Saya sungguh bersyukur dipanggil bekerja di ladang-Nya. Andai kata tidak, saya akan seperti kebanyakan orang, yaitu kurang peduli dengan hidup kerohanian, bahkan mungkin saya juga akan terhilang karena berkat-berkat yang telah saya terima.

Saya adalah seorang ibu rumah tangga biasa yang ditangkap Tuhan untuk menjalankan Amanat Agung-Nya (Mat 28:18-20 - Yesus berkata: "Kepada-Ku telah diberikan segala kuasa di sorga dan di bumi. Karena itu pergilah, jadikanlah semua bangsa murid-Ku ... dan ajarlah mereka melakukan segala sesuatu yang telah Kuperintahkan kepadamu.
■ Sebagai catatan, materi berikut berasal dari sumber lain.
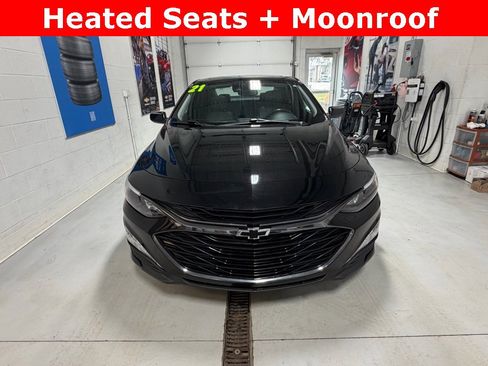 Used 2021 Chevrolet Malibu LT w/ Leather Package image 2
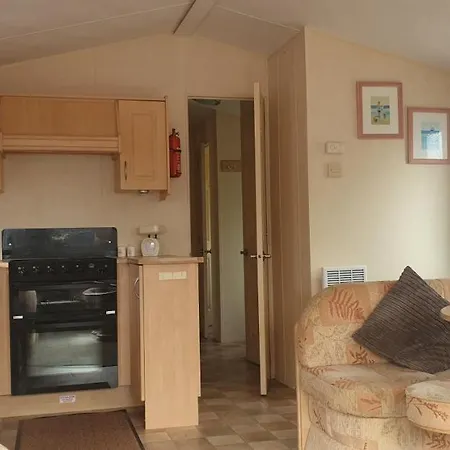 Park Home At Golden Sands Holiday Park N.Wales-3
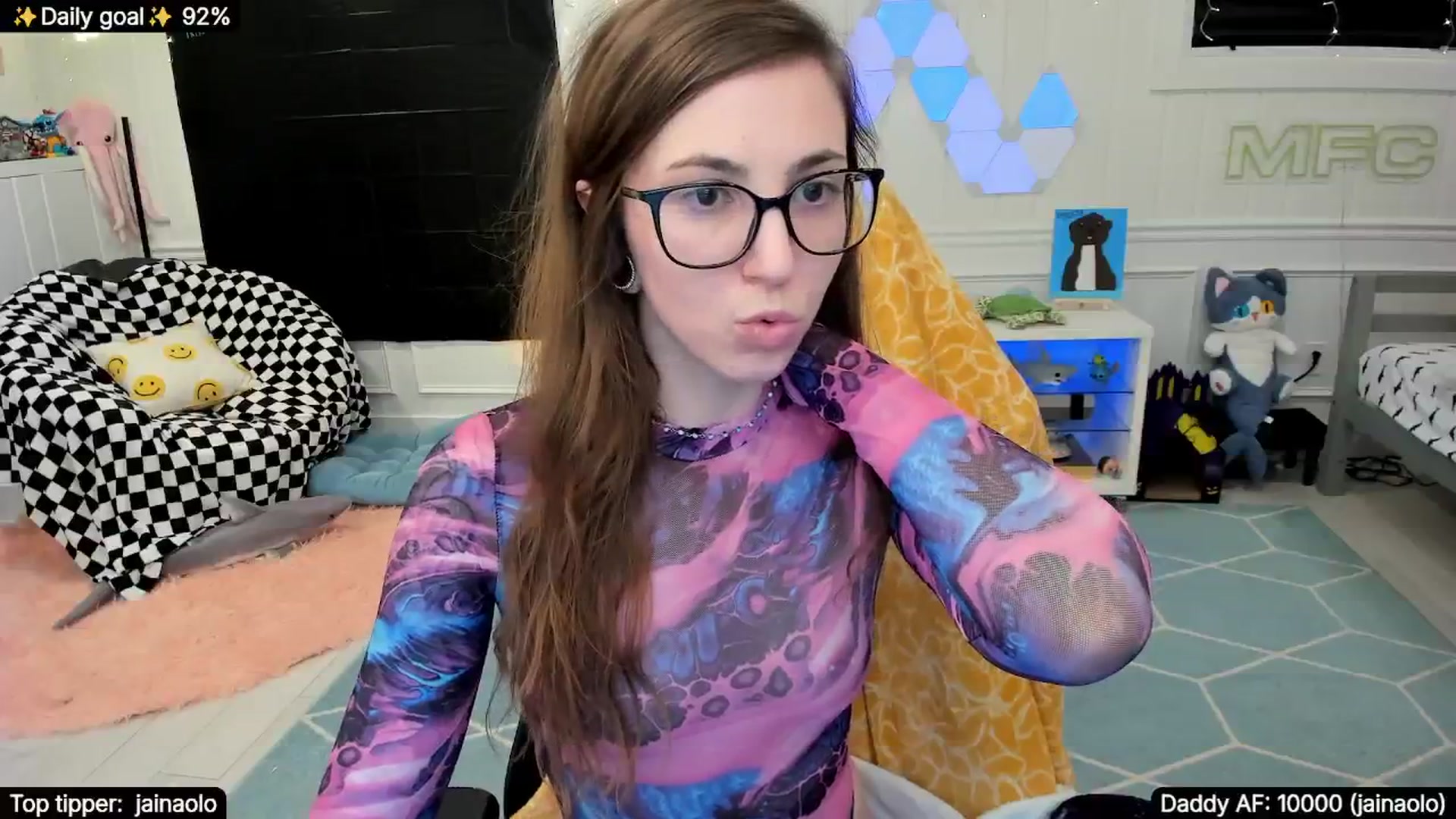Gallery image thumbnail from TheSharkQueen's myfreecams stream on, 11/05/2025, 09:49 image 3 of 20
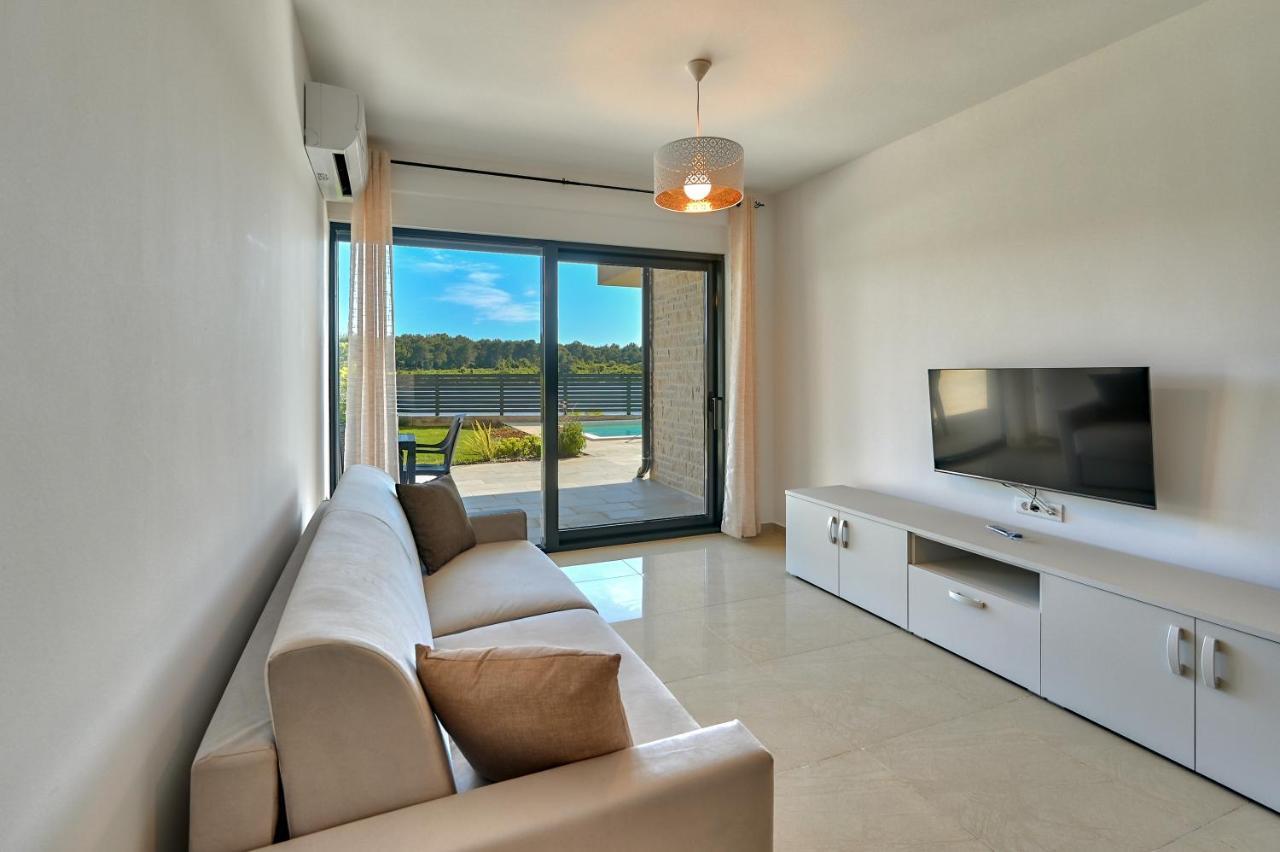 Gold Apartment Medulin Exterior photo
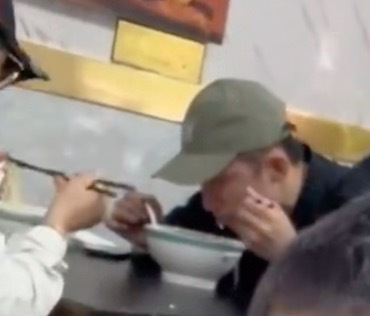 黄景瑜陪爸妈吃饭 被粉丝调侃“妈宝男式假期”  2025年11月12日至13日，黄景瑜利用新剧《赢风》开拍前的私人时间返回丹东老家，全程陪同父母活动。12日一家三口前往丹东大孤山景区，在1300年树龄的银杏古树下庄重祈福，期间黄景瑜主动搀扶险些摔倒的路人，并弯腰配合当地阿姨团合影。当晚选择本地高端海鲜火锅店共进晚餐，路人拍摄画面显示他与父母互动自然，父亲揣兜姿势与他如出一辙，凸显家庭基因相似性。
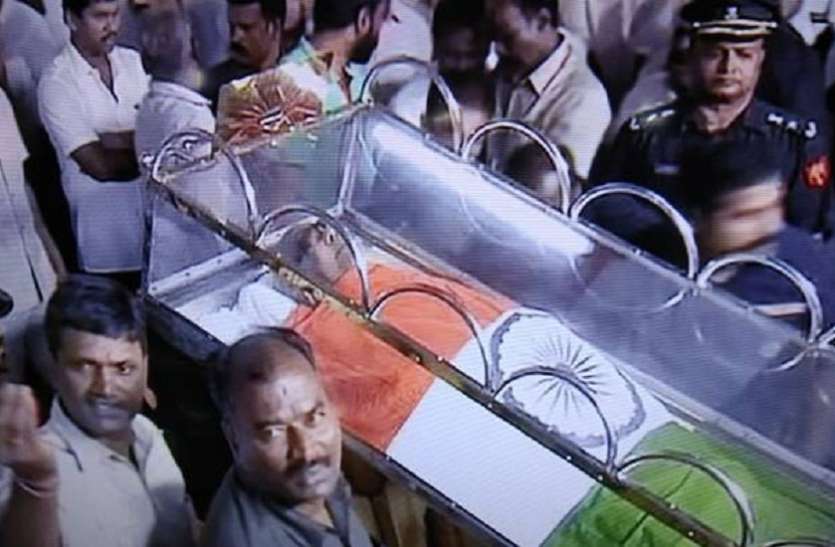karunanidhi मद्रास HC का अंतिम फैसला, मरीना बीच पर दफनाए जाएंगे करुणानिधि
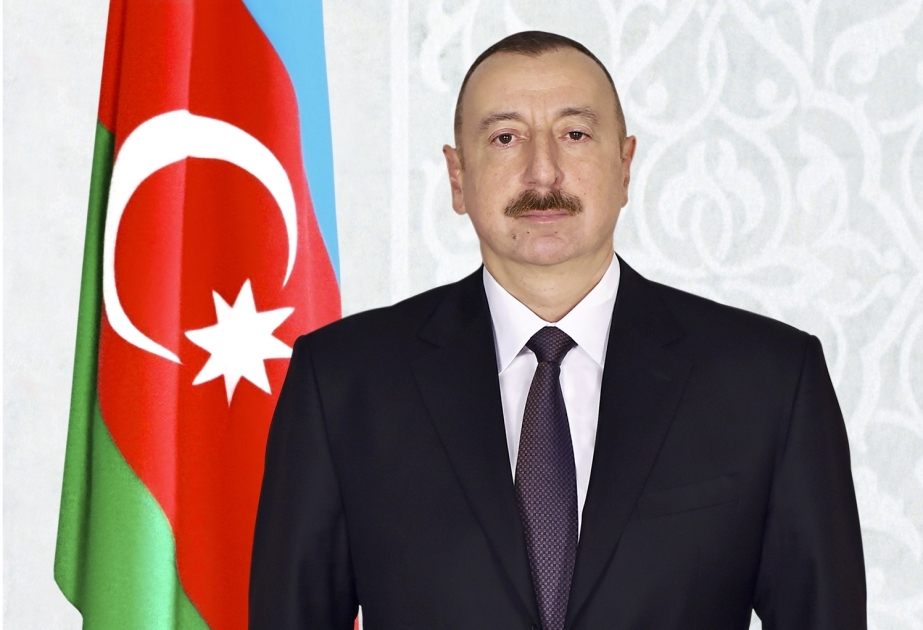 El presidente azerbaiyano firmó el decreto sobre medidas adicionales para mejorar la administración estatal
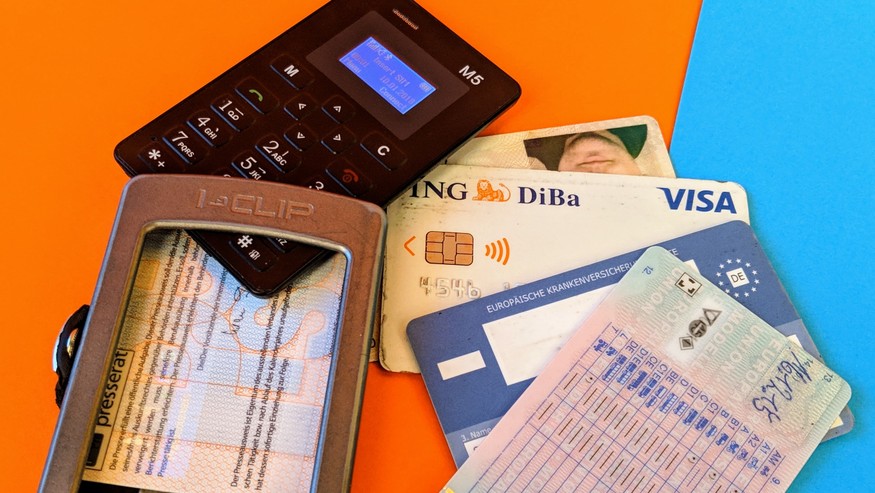 Wallets without their own change pocket are enjoying growing popularity.
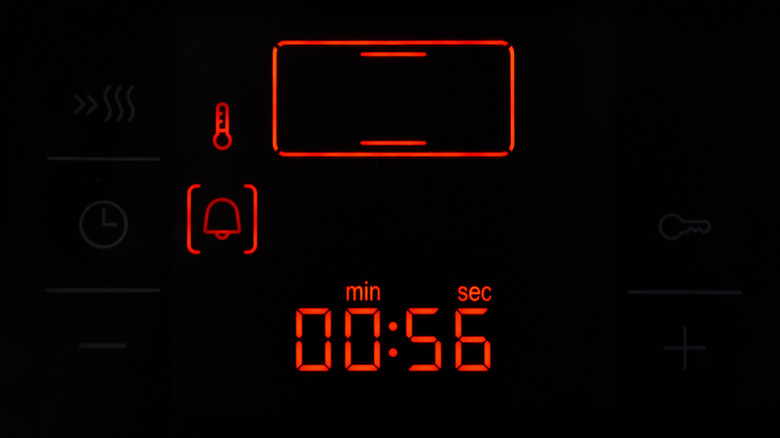 Timer on oven LCD with alarm button and bottom heat setting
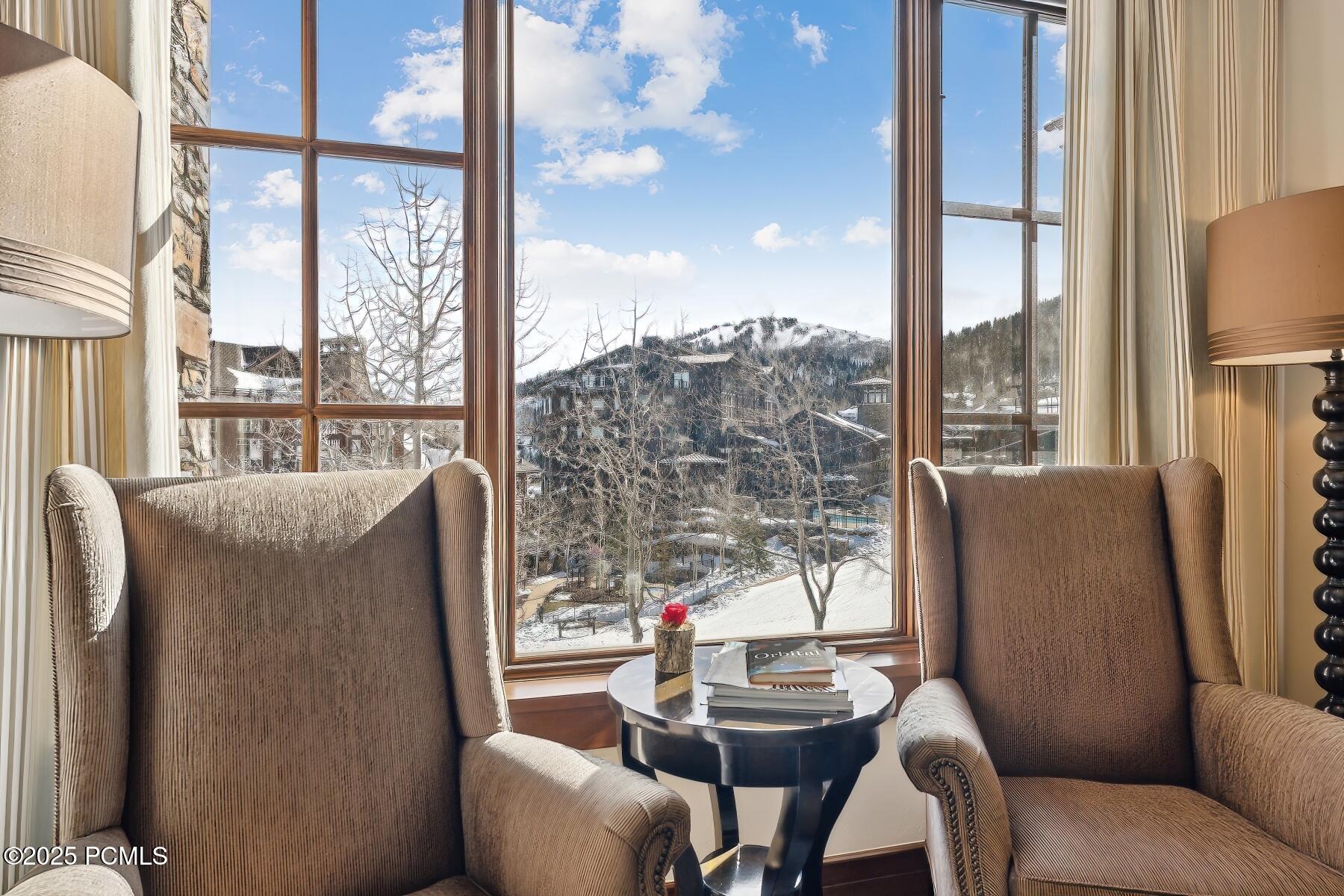 Park City, Utah 84060, United States, 3 Bedrooms Bedrooms, ,4 BathroomsBathrooms,Residential,Pending,97546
Dan ketahuilah, Aku menyertai kamu senantiasa sampai kepada akhir zaman.").



Tepat di hari ulang tahunku yang ke 24, saya sungguh berbahagia karena mulai hari itu saya menjadi anak angkat Allah (Gal 4:5-7).

Setelah dibaptis dalam Gereja Katolik, saya sangat kecewa karena melihat salah satu teman saya (X) yang begitu akrab dengan para Romo, para frater dan para Suster tetapi kehidupannya tidak berpadan dengan injil Kristus. 



Rupanya Tuhan tidak ingin saya menjadi seperti "kapal selam". Lalu Dia memanggil saya menjadi pengurus di lingkungan. Karena begitu besar kasih-Nya kepada saya, Dia memanggil saya untuk bergabung dengan "Kelompok Pendalaman Iman Theresia Lisiux". Melalui renungan-renungan komunitas inilah saya mulai tahu penyebab kecewaan saya.




Entah apa yang ada dalam pikiran ibu Yovita sehingga mempercayakan saya untuk membuat "Warta KPI TL", padahal saat itu saya belum mengenal Kitab Suci dan tidak pernah belajar tulis-menulis. Karena saya mau belajar taat pada pimpinan, maka saya melaksanakannya dengan sepenuh hati.

Dengan berjalannya waktu, saya mengetahui bahwa seorang Kristiani tidak dapat menjadi berkat bagi sesamanya karena mereka "mengenakan pakaian yang baru" "tanpa menanggalkan yang lama" (Bdk. 2 Kor 5:4) . 

Hal inilah yang menyebabkan mereka menjadi batu sandungan bagi sesamanya karena mereka hanya melakukan "kegiatan rohani" tanpa mempunyai "kehidupan rohani".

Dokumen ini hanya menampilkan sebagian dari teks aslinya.